Friday, April 3, 2009

Raphael's Disputa

I was looking at John F. Moffitt's Painterly Perspective and Piety: Religious Uses of the Vanishing Point, from the 15th to the 18th Century, where he has a chapter entitled, "Seeing the Host in Art and Archtecture." There he talks about Raphael's painting, Disputa or Disputation over the Doctrine of Transubstantiation (1509-11). This is a fresco in the Stanza della Segnatura (Hall of the Judicial Tribunal) in the Vatican. In the picture, Heaven and Earth are shown, centered on the Trinity in a horizontal line connecting Heaven and Earth through the Eucharist. It is interesting that in a hall devoted to canon law, there is a Eucharistic fresco. Moffitt quotes historian Yryo Hirn on the picture: "Thus in this composition Raphael has concentrated the thought which lay at the basis of the whole Catholic Mass doctrine: that the Host was the supreme point between Heaven and earth" (Y. Hirn, The Sacred Shrine: A Study of the Poetry and Art of the Catholic Church, pp. 149-150, quoted in Moffitt, p. 128).

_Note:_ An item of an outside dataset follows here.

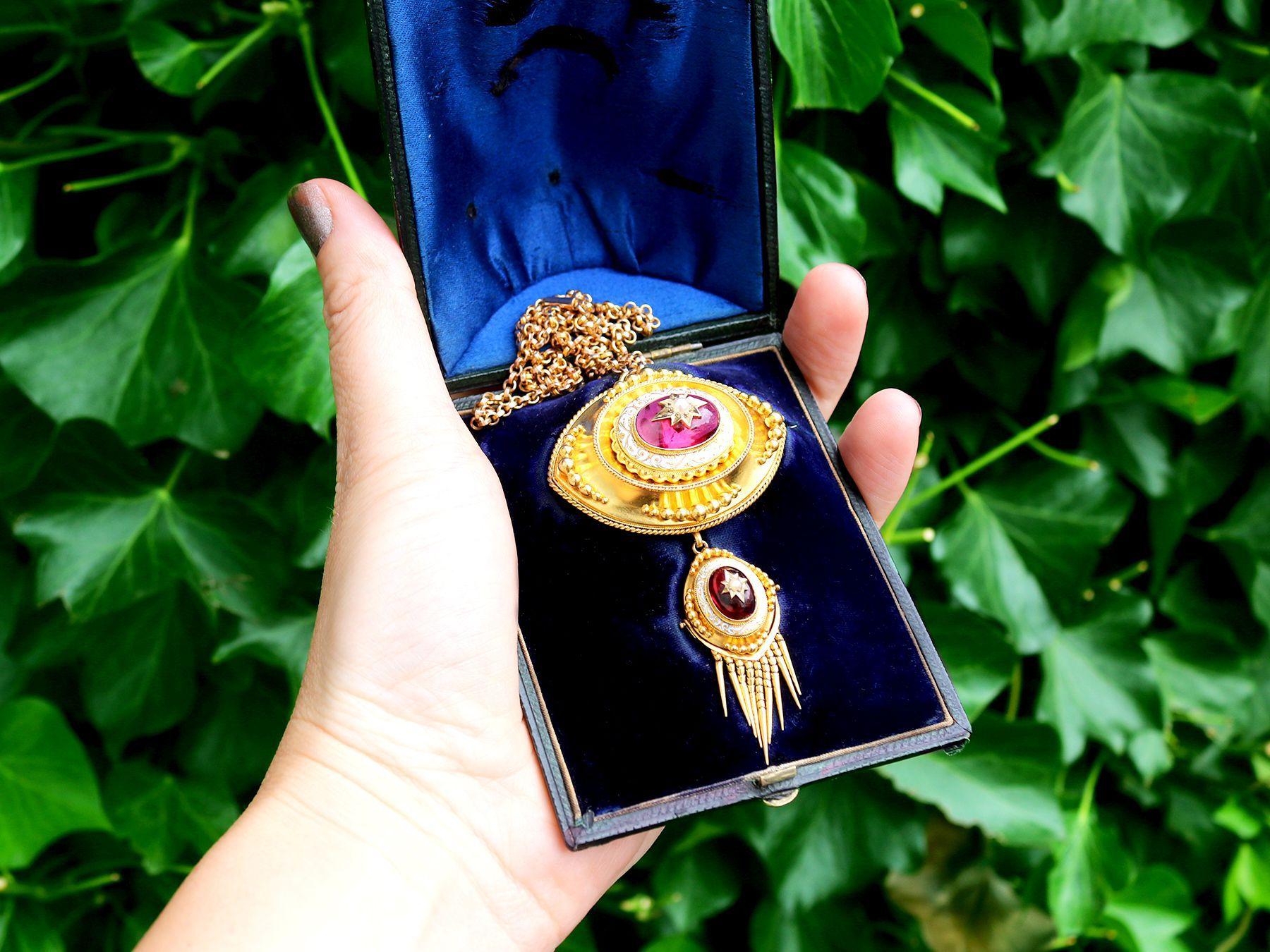 A stunning, fine and impressive antique 6.20 carat garnet, pearl and hot white enamel, 18 karat yellow gold pendant / brooch with a 9k yellow gold chain; part of our diverse antique jewelry and estate jewelry collections

This stunning, fine and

During the Protestant Reformation, the nature of the Eucharist became a contested battleground. Raphael depicted what the Catholic Church taught, which the the Council of Trent re-affirmed and clarified by defining transubstantiation in Session 13, Chapter IV, in 1551:

And because that Christ, our Redeemer, declared that which He offered under the species of bread to be truly His own body, therefore has it ever been a firm belief in the Church of God, and this holy Synod doth now declare it anew, that, by the consecration of the bread and of the wine, a conversion is made of the whole substance of the bread into the substance of the body of Christ our Lord, and of the whole substance of the wine into the substance of His blood; which conversion is, by the holy Catholic Church, suitably and properly called Transubstantiation.

Raphael's Disputa is a wonderful example of art and faith informing each other, teaching and inspiring, bringing together beauty and truth.

1 comment:

Anonymous said...

The Stanza Della Segnatura (*room of signatures) was originally intended to be the private library of Pope Julius II, where he would sign into law papal bulls. The fresco cycle was meant to inspire him to be just in his decisions, with the Disputa representing christian knowledge. Besides that, its in the Vatican. Christian iconography in the Vatican is really not, in itself, all that remarkable, if anything it is to be expected.